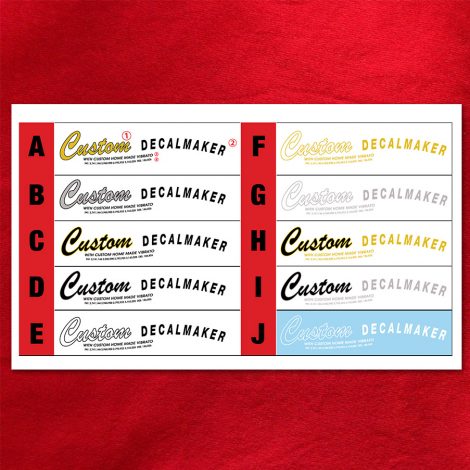 Décalcomanie Telecaster 1970 CURVE BASS style ABCD Custom Headstock – Decal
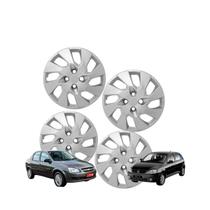 Jogo Calota Aro 13 Corsa E Classic Grid Prata Fixação Parafuso Cubo Baixo Jogo 4 Calotas Compatível Linha Chevrolet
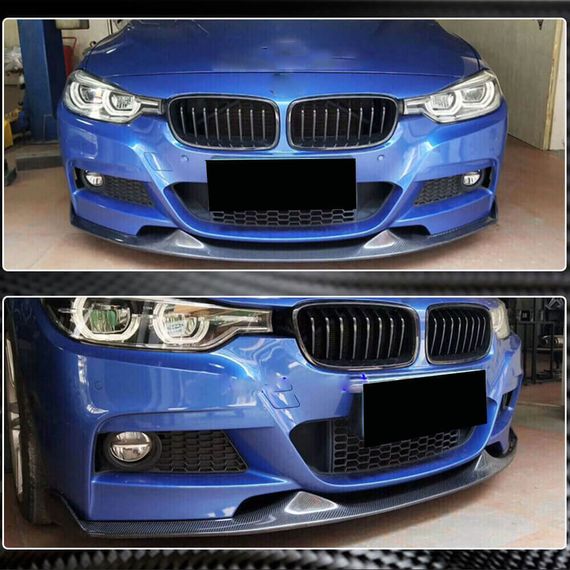Накладка на передній бампер Lip Mad-Style (для F30 M-Sport, Карбон) для BMW 3 серія F-30/31/34 2012-2019 рр | Зображення 3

• About this task
Repeat the data exactly in full, omitting its pictures.

• Task answer
 Décalcomanie Telecaster 1970 CURVE BASS style ABCD Custom Headstock – Decal
 Jogo Calota Aro 13 Corsa E Classic Grid Prata Fixação Parafuso Cubo Baixo Jogo 4 Calotas Compatível Linha Chevrolet
Накладка на передній бампер Lip Mad-Style (для F30 M-Sport, Карбон) для BMW 3 серія F-30/31/34 2012-2019 рр | Зображення 3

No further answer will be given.